In Budget 2015 I announced my intention to launch a public consultation on the issue of unused zoned and serviced land with a view to examining what taxation measures might be taken to penalise land owners who do not develop such land. I expect to launch this consultation shortly.

The aim of the public consultation will be to assess the extent to which the taxation system - through penal measures can be utilised to encourage the development of such zoned and serviced land to assist with the shortage of residential properties in certain areas.  Any existing levies will be considered as part of the consultation process and any taxation measures that may be introduced as a result of the consultation will take account of any existing levies in place.

The Government's Construction 2020 Strategy published in May 2014 outlined a range of actions aimed at incentivising increased housing construction activity and supply. These actions are being progressed as a matter of urgency, including measures incorporated in the forthcoming Planning and Development No. 1 Bill, for example the revision of the Part V social housing obligations on developers, retrospective application of reduced development contributions, the introduction of the vacant site levy and "use it or lose it" arrangements in relation to planning permissions.

In addition, further to the Construction 2020 Strategy, a Dublin Housing Supply Co-ordination Task Force was established in June 2014 to examine the issue of housing supply in the Dublin area. It has reported that there are currently sufficient planning permissions, with no insurmountable infrastructural deficits, to deliver over 20,000 housing units in four Dublin local authority areas while a further 25,000 new homes are considered permissible on existing lands zoned for residential use if landowners and developers wished to seek those permissions. The objective of the Government now is to facilitate the activation of such permissions with a view to delivering on the associated housing supply to meet demand. The possible introduction of tax measures to incentivise the development of zoned and serviced land will be considered in this overall context.

Tax Exemptions

Ceisteanna (16)

Ruth Coppinger

Ceist:

16. Deputy Ruth Coppinger asked the Minister for Finance her views on ending the artist tax exemption for artists who are already in receipt of large incomes and funding. [46868/14]

Amharc ar fhreagra

Freagraí scríofa

The most recent year for which data is currently available in respect of levels of income from all sources, including exempt artistic income, of those who claimed the Artists' Exemption is 2012. In that year, approximately 44% of claimants had incomes of between €0 and €20,000, while almost 20% of claimants had incomes of between €20,000 and €40,000. 27% had incomes of between €40,000 and €100,000, while under 10% had incomes in excess of €100,000.
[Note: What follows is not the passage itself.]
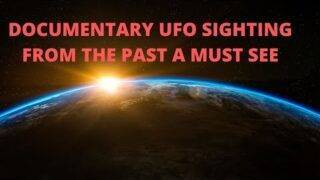 DOCUMENTARY UFO SIGHTINGS FROM THE PAST A MUST SEE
These figures show that for 2012, approximately 64% of individuals who availed of the Artists' Exemption had incomes that in total fell below the current €50,000 limit for the exemption. 
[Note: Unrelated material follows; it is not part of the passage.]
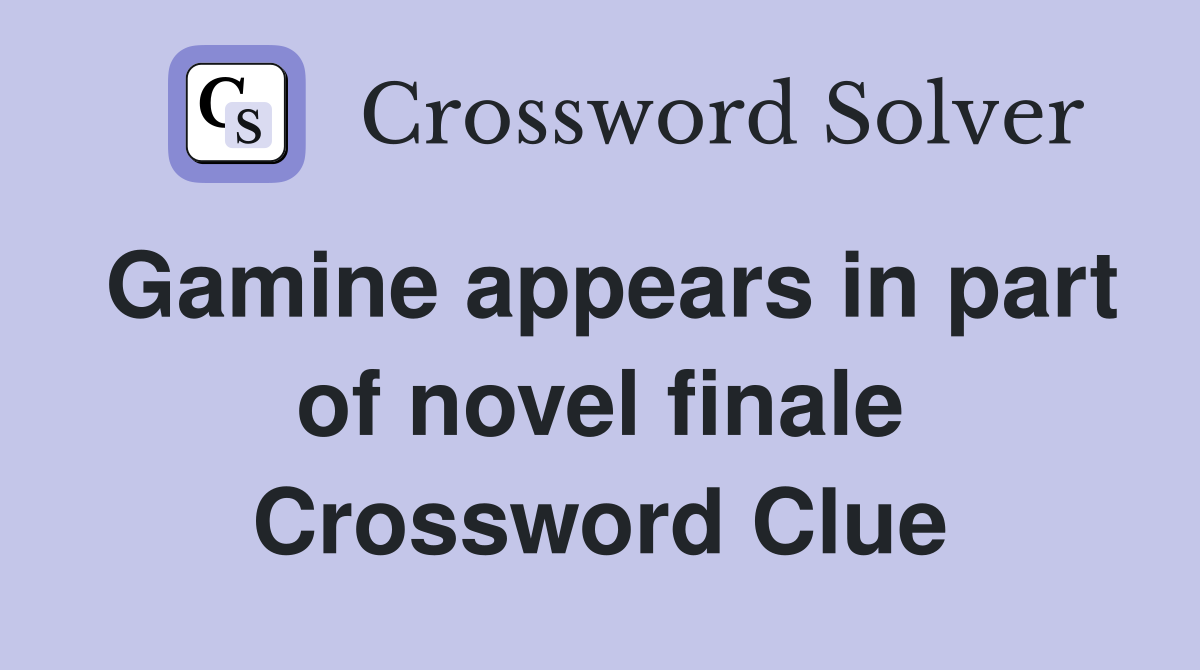 Gamine appears in part of novel finale Crossword Clue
In relation to other sources of funding provided by the State, that would primarily be a matter for the Minister for Arts, Heritage and the Gaeltacht. However, I understand that artists can receive direct support through certain Arts Council's awards programmes: 

1. The Bursary Award supports artists in the development of their artistic practice.  In 2013,  the Arts Council distributed over €1.2 million to 137 individual artists across all art forms and arts practices. 

2. The Project Awards support the creation of new work and audience engagement.  The Arts Council disbursed over €3 million to 106 recipients in 2013. 

3. The Dance and Theatre Residency schemes saw the Council disburse €256,342 to 15 recipients in 2013.

4. Means-tested grants to 161 Aosdána members totalling €2.7m in 2013.

I would point out that the Artists' Exemption is a specified relief for the purposes of the high earners' restriction. This limits the amount of reliefs that an individual can claim in any one tax year to €80,000 before the restriction begins to apply. 

As the Deputy may be aware, my officials will be carrying out a review of the Artists' Exemption in advance of Budget 2016. The terms of this review have not yet been finalised but I expect it to commence shortly.

Strategic Banking Corporation of Ireland

Ceisteanna (17)

Dara Calleary

Ceist:

17. Deputy Dara Calleary asked the Minister for Finance his views on the performance of the Strategic Banking Corporation of Ireland to date; and if he will make a statement on the matter. [4674/15]

Amharc ar fhreagra

Freagraí scríofa

The Strategic Banking Corporation of Ireland (SBCI) is built on the foundation stone that was laid by the Taoiseach and Chancellor Merkel when they agreed that the German promotional bank Kreditanstalt für Wiederaufbau (KfW) would help finance the Irish SME sector when Ireland was exiting the EU/IMF programme in late 2013.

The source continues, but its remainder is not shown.